━━ Given data
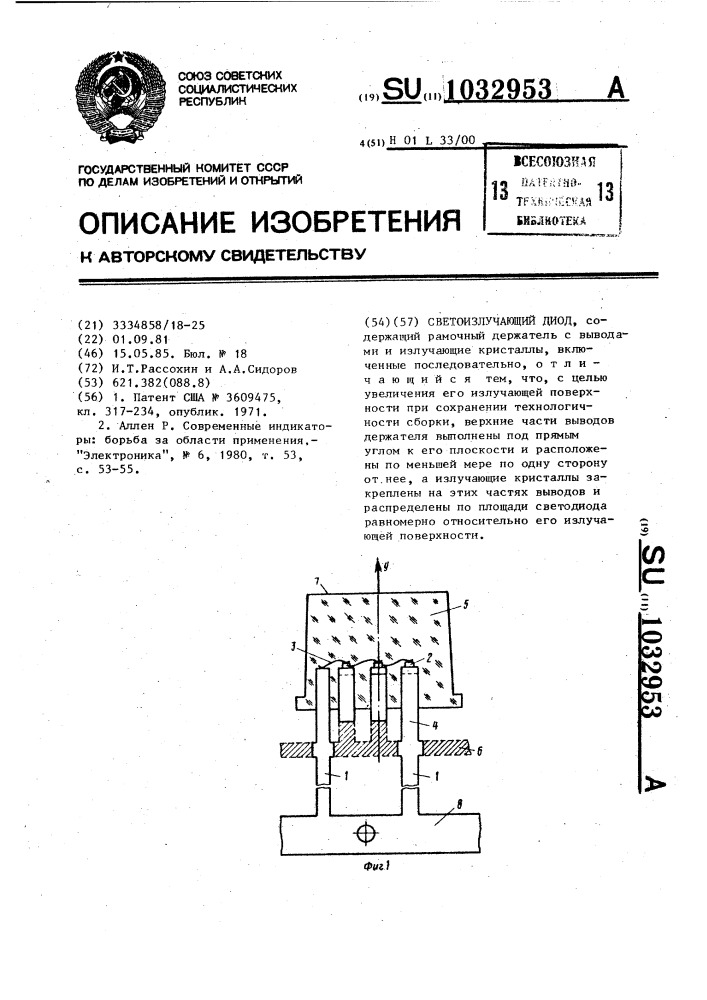 Светоизлучающий диод (патент 1032953)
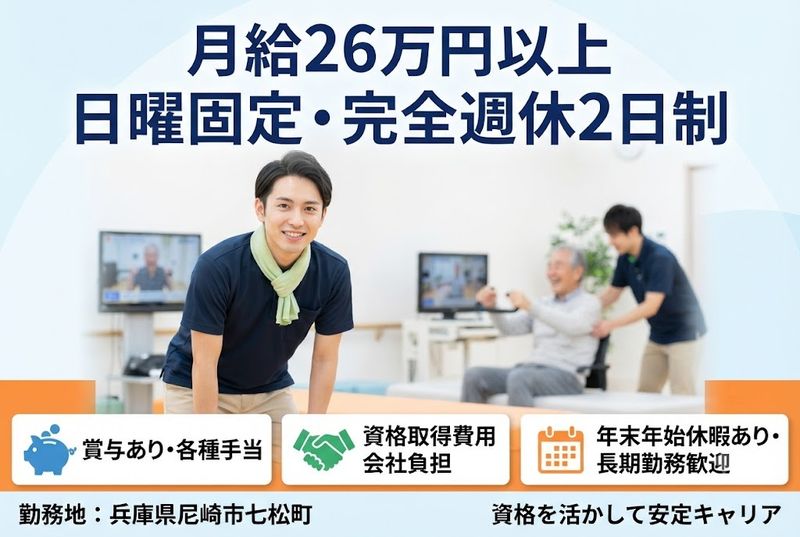 株式会社ガイナの求人・転職情報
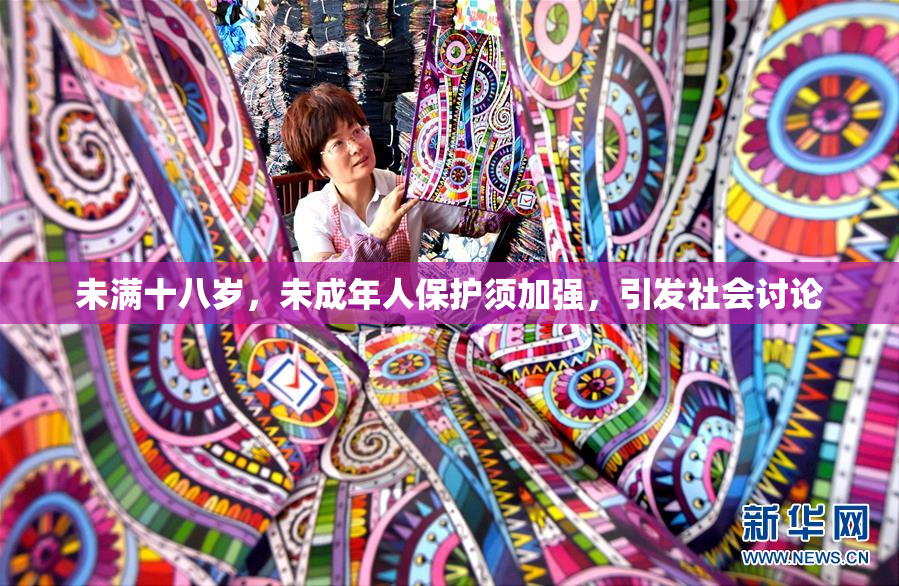 未满十八岁，未成年人保护须加强，引发社会讨论
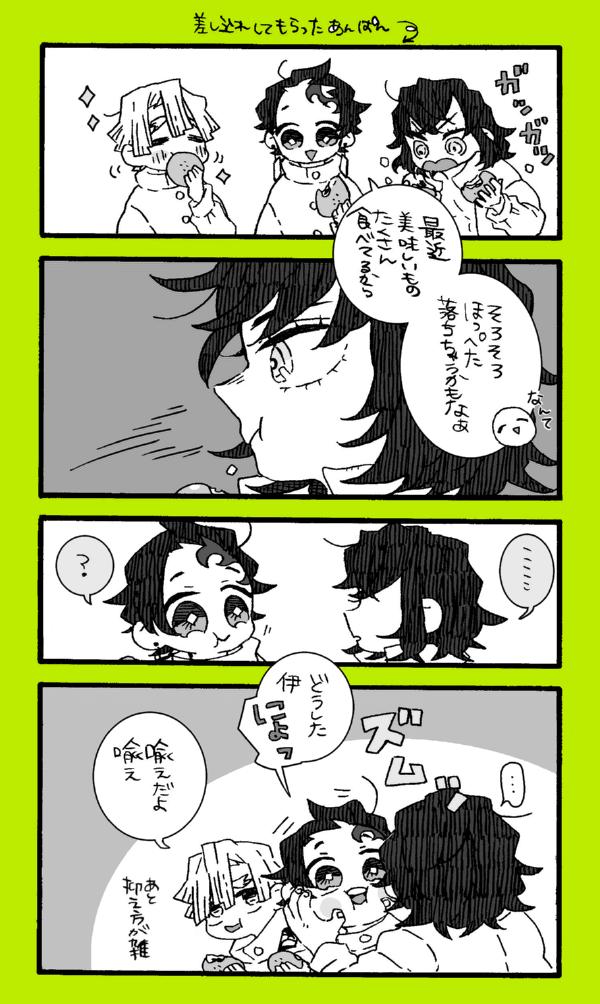 これは今日無配として使ってたやつです(当たり前のように利き手間違えててすみません…) 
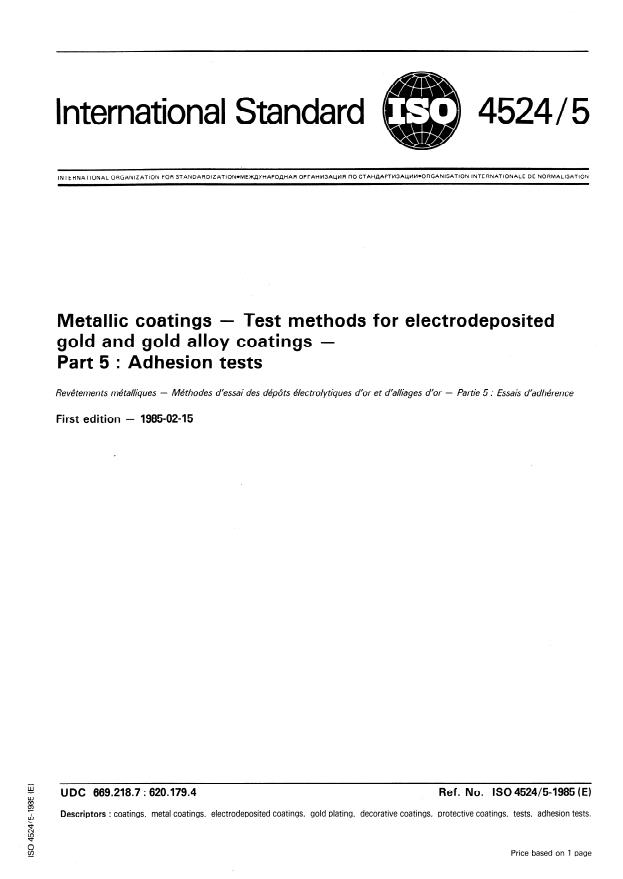 ISO 4524-5:1985 - Metallic coatings -- Test methods for electrodeposited gold and gold alloy coatings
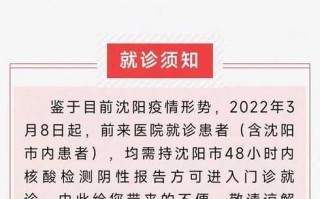 〖沈阳最新疫情最新消息·沈阳最新疫情最新消息轨迹〗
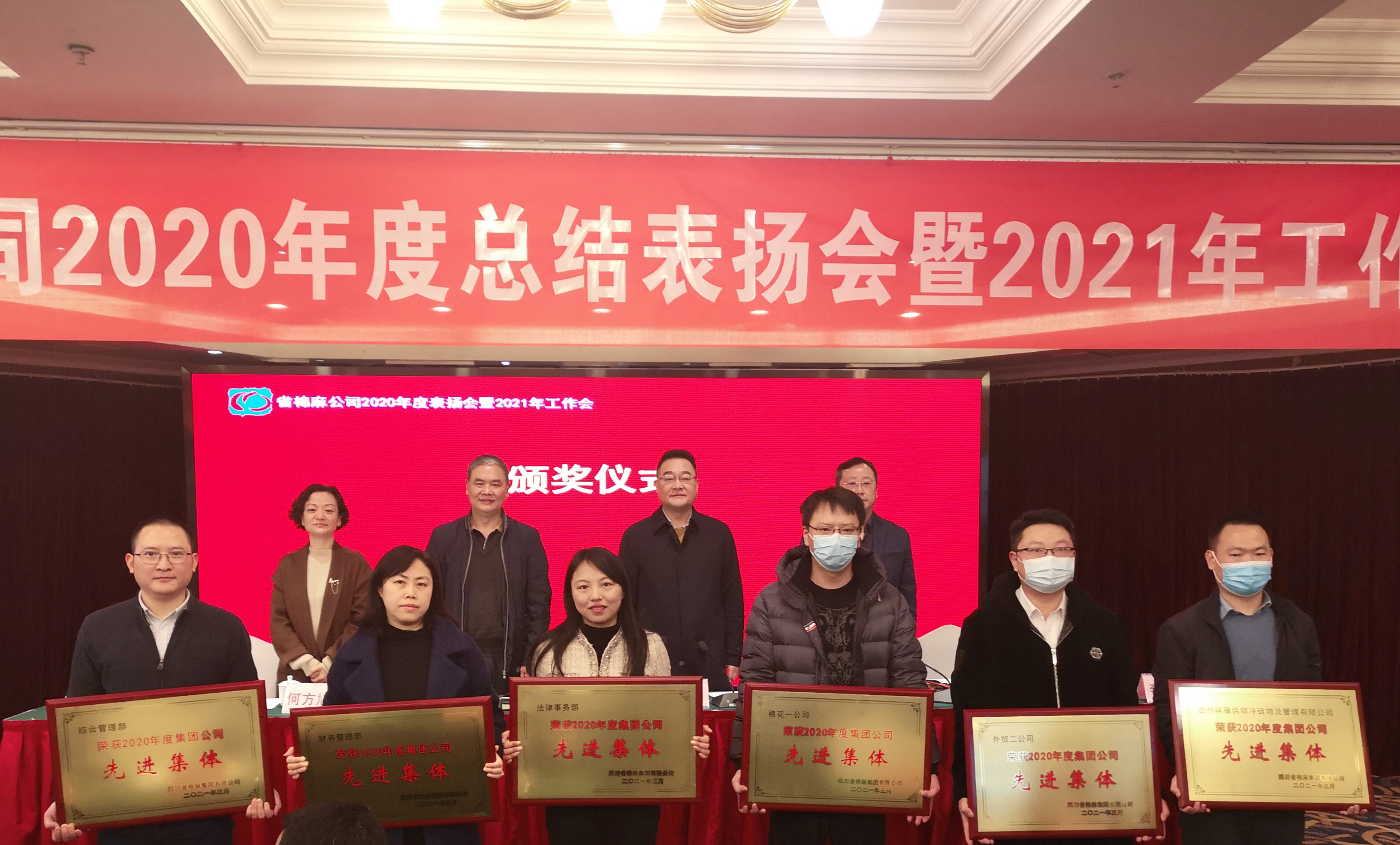 20210312 集團(tuán)公司2020年總結(jié)表揚(yáng)會暨2021年工作會 文 (3).jpg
━━━━
Work to be completed
Exactly as given, transcribe every line of the data, but not its images.

Response
 Светоизлучающий диод (патент 1032953)
 株式会社ガイナの求人・転職情報
 未满十八岁，未成年人保护须加强，引发社会讨论
 これは今日無配として使ってたやつです(当たり前のように利き手間違えててすみません…) 
 ISO 4524-5:1985 - Metallic coatings -- Test methods for electrodeposited gold and gold alloy coatings
 〖沈阳最新疫情最新消息·沈阳最新疫情最新消息轨迹〗
 20210312 集團(tuán)公司2020年總結(jié)表揚(yáng)會暨2021年工作會 文 (3).jpg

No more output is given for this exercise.